For Pescoli, the next few days flew by. Most of the kids from the party were questioned again, but offered up nothing new. All that came of it was that Pescoli decided she didn’t much like Madison Averill, who, at seventeen, seemed already able to use all her feminine charms to her advantage and did it willingly, even eagerly. A pretty girl who was smart enough, she wasn’t looking beyond trying to gain TJ O’Hara’s interest, which, as Bianca had told her, seemed to be zeroed in on Lara Haas. As popular as TJ apparently was, he might find himself having to stand in line, as a number of college boys had returned this summer to sniff around her.

Lara radiated innocence, but it was an act, Pescoli thought, after interviewing her—something she purposely played up. However, she had admitted to knowing Destiny a little, more than the rest of the kids had allowed. She’d sworn she couldn’t shed further light on what had happened to her though.

“I hadn’t talked to her for a few days. It’s summer and so, with everyone’s jobs and vacations, we don’t see each other like when we’re in school.” Chewing gum, she had been seated in Pescoli’s office, having opted to give her statement at the department rather than at home. Her sun-streaked hair had been pulled into a messy bun, big hoop earrings swung from her lobes, and though she’d been wearing makeup, it wasn’t overdone. Didn’t have to be. She’d been blessed with thick, sooty lashes, high cheekbones, and pouty rosebud lips to go along with a killer figure. In skinny, holey jeans and a cropped tee, Lara elicited more than her share of sidelong glances from the male deputies and clerks who happened by. If she noticed, she didn’t react, just held Pescoli’s gaze and snapped a wad of green gum she was working on.

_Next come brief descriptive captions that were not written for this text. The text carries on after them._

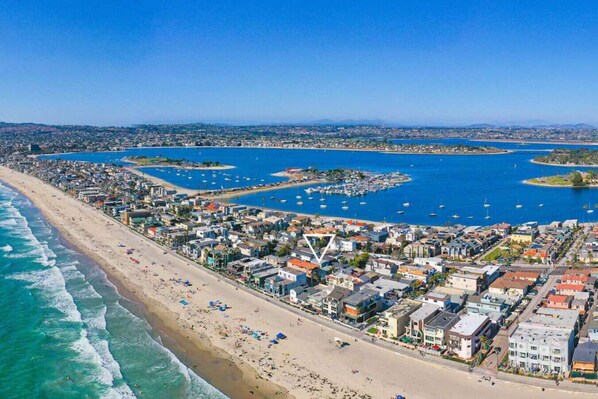 An aerial view of a coastal town with a beach, marina, and dense residential area.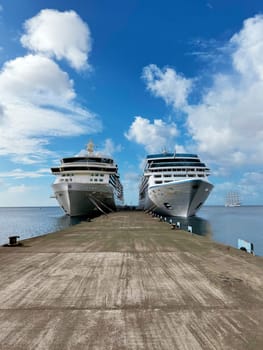 Bermuda, U.S. 10.22.2023 A pair of modern cruise ships are moored at a long concrete pier on a sunny tropical island. The clear blue sky and calm sea create an ideal setting for travel and vacation.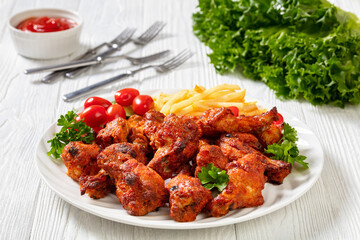 roast chicken wings with french fries and veggies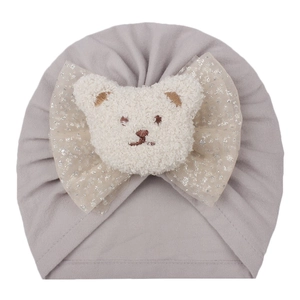 Détail d'un bonnet bébé gris clair avec écusson ours en polaire et nœud en tulle pailleté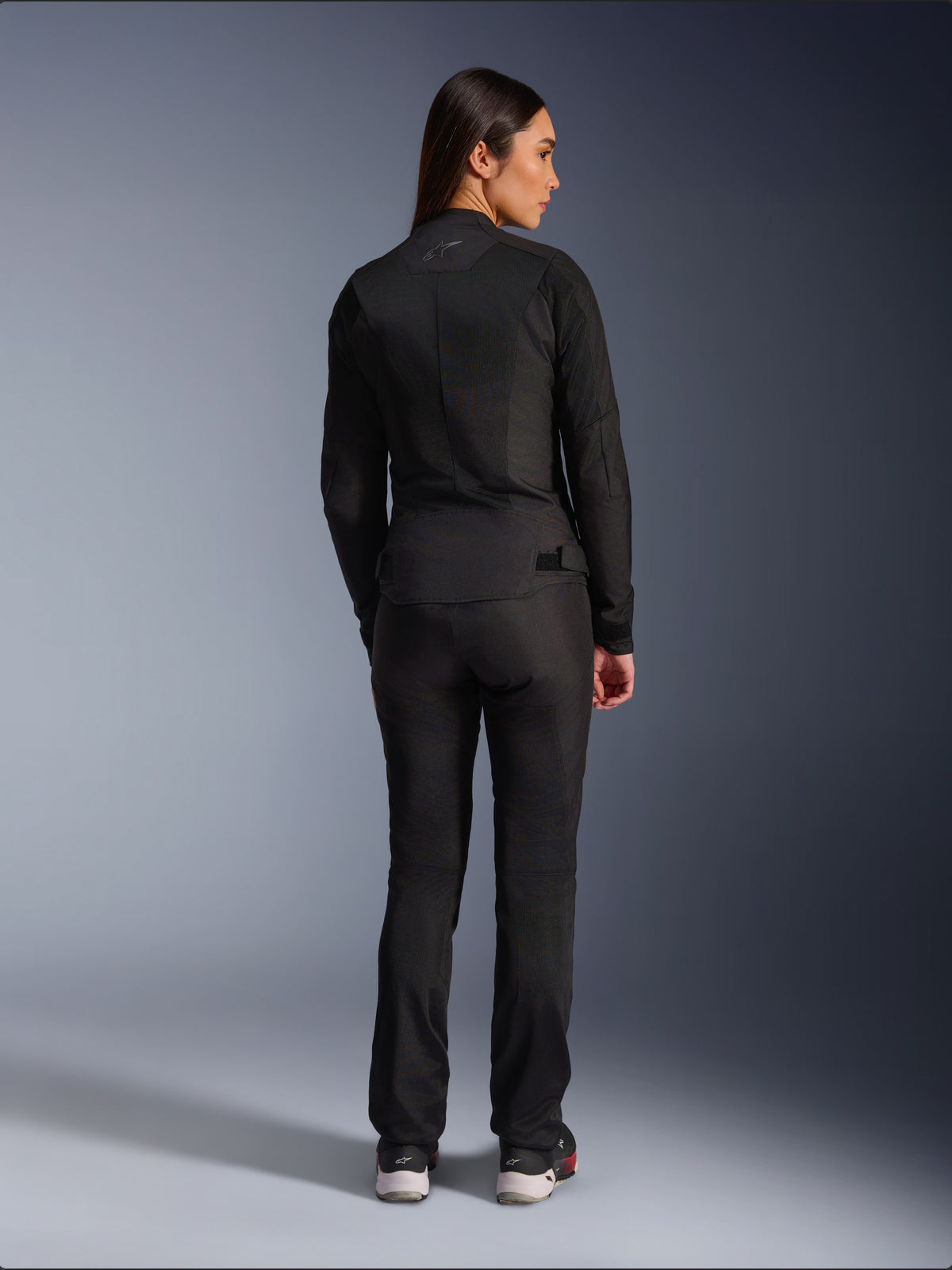 Giacca Alpinestars Stella C-1 Air, giacca da moto in tessuto per donna, nera, vista posteriore che mostra la costruzione in mesh e il logo discreto sulla parte superiore della schiena, indossata con pantaloni da moto neri coordinati, stile urban contemporaneo.
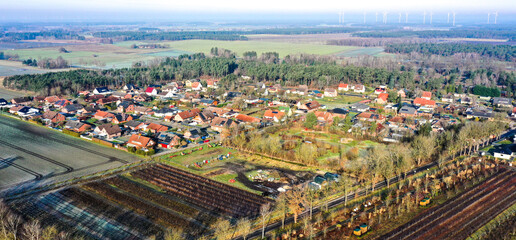 Drone capturing suburban sprawl expanding into countryside with wind turbines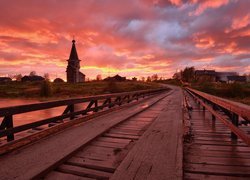 Drewniany most z widokiem na cerkiew o zachodzie słońca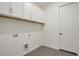 Laundry room with white cabinets, gray tile flooring and multiple hookups at 164 Eagleston Ln, Lakewood Ranch, FL 34240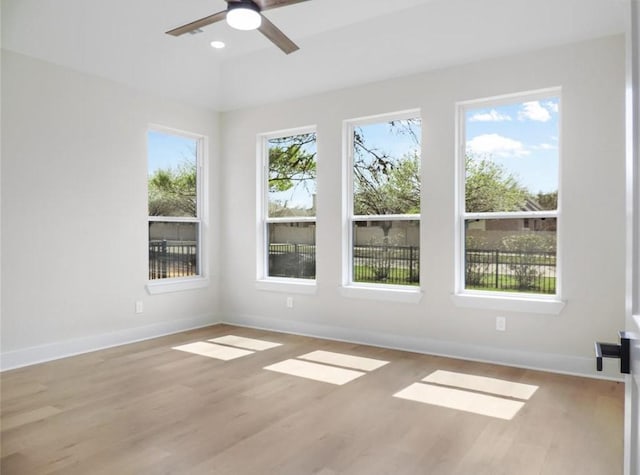 spare room featuring light wood-type flooring and plenty of natural light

Pescoli had brought up the pregnancy.

Lara pulled a face as she chewed. “I wondered.”

“You did?”

“Well, no. Not if she was knocked up. Not like that. I just sensed something was wrong. She was off, y’know. I thought it was because she broke up with Donny, but maybe . . .” Lara gave an exaggerated shrug. “Maybe it was the baby. Geez . . .” She’d bit her lip then, forgetting about the gum for a second.

“Do you have any idea who the father could be, who she was seeing?”

“After Donny?”

“Or . . . during?”

“Oh. I don’t know.” She shook her head, wispy tendrils of pale hair shaking about her face, earrings flashing under the fluorescent lights strung high overhead. “All of the guys thought she was okay, but if she was hooking up with someone, I didn’t know about it.”

She began chewing again. Thoughtfully.